Тот молодой Найтрей приходит, когда Лео пытается упаковать, не помяв, наиболее приличную свою рубашку.
Он приходит, пахнущий ветрами и солью, одетый по-дорожному. Зябко трет руки и неуверенно, будто таясь от кого-то, озирается…
Но когда Лео ловит его взгляд — тот горит спокойным и уверенным пламенем.
И Лео вдруг понимает — неосторожные слова в самом деле изменили чужую суть. В чужих глазах больше нет и следа близкой смерти, а храброе глупое сердце по-прежнему бьется в груди. Этот человек больше не живой мертвец.
Он не упадет со стены.
И он больше не очередной дворянчик, даже имя которого нет смысла запоминать.

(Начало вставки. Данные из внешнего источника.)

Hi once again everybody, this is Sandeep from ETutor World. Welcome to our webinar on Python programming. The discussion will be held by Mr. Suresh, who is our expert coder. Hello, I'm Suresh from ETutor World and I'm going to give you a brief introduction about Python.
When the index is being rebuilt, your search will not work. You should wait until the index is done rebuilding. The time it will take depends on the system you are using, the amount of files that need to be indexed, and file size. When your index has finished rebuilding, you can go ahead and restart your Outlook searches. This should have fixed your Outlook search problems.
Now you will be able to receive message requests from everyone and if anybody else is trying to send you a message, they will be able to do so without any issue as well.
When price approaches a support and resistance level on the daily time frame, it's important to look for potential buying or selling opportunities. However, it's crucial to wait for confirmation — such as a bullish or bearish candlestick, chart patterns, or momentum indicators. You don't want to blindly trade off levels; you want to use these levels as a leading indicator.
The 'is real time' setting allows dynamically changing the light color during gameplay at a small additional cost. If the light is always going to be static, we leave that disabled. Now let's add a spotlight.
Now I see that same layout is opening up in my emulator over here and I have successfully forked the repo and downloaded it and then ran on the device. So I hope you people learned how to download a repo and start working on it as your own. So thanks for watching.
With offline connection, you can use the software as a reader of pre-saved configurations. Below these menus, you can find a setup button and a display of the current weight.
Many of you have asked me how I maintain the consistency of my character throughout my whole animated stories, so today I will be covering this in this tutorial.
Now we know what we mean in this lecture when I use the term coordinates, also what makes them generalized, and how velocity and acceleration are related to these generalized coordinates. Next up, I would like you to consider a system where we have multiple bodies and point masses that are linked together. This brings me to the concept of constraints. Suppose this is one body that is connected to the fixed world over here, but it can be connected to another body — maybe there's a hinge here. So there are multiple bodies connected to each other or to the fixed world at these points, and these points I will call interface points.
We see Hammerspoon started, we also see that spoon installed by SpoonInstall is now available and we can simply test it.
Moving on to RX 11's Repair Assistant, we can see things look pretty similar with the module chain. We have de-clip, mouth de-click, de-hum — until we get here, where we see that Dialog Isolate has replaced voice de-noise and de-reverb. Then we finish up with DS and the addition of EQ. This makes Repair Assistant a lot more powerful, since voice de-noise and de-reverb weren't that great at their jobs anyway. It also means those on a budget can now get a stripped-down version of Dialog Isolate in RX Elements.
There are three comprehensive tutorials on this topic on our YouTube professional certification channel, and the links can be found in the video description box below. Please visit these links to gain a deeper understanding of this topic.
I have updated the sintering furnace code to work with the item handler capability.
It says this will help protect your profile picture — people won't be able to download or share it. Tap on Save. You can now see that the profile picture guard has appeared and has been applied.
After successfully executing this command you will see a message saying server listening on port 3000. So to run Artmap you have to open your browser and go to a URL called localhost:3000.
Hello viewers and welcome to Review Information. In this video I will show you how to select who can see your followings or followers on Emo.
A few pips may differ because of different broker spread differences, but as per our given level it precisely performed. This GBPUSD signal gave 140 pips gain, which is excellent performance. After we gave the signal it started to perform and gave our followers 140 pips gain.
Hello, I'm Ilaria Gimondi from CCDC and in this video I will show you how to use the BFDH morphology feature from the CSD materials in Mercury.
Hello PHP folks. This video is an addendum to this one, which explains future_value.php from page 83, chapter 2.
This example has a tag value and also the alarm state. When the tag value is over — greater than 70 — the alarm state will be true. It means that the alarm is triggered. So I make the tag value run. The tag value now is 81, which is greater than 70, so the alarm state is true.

— Я ушел из дома, — Вместо приветствия (хотя, все верно, они ведь не прощались) говорит ему Эллиот. — То, что делала моя семья и Приют Фионы бесчестно. Шалтай это… это просто мерзость, даже по меркам Цепи. Я не хочу иметь с этим ничего общего.
— Поздравляю, мастер не-Найтрей, — скалится в ответ Лео и откидывает челку со лба. — А я тут причем?
И добавляет не словами, но взглядом, мол, удачи теперь выжить и не просрать свою жизнь, хотя мне, конечно же, все равно.
Но Эллиот, вместо того чтобы оскорбиться, развернуться на каблуках и навсегда покинуть жизнь Лео, остается. И протягивает ему руку.
— Пойдем со мной? Приюта нет, как и мне пути назад, а вдвоем…
И замолкает, окончательно стушевавшись. Но Лео и так знает, что тот хотел сказать. Выживать вдвоем легче, чем в одиночестве — особенно если никто из вас не планирует вонзить другому нож в спину.
И Лео мог бы — даже, наверное, должен бы — отказаться. Но почему-то не хочет.
Что-то темное, но теплое ворочается в его груди и шепчет на ухо искушающе-приторным ядом: согласись, ты не пожалеешь…
Но Лео и так согласен. Эллиот пахнет не гнилью, но ветрами перемен. Он жив и планирует жить. Из него будет хороший якорь по эту сторону реальности: Лео не знает, но чувствует — этот свет и эту тьму он увидит сквозь любое пространство-время.
И, что важнее, Лео не против к этому Эллиоту возвращаться.
Он принимает чужую руку — и впервые в жизни становится с кем-то плечом к плечу.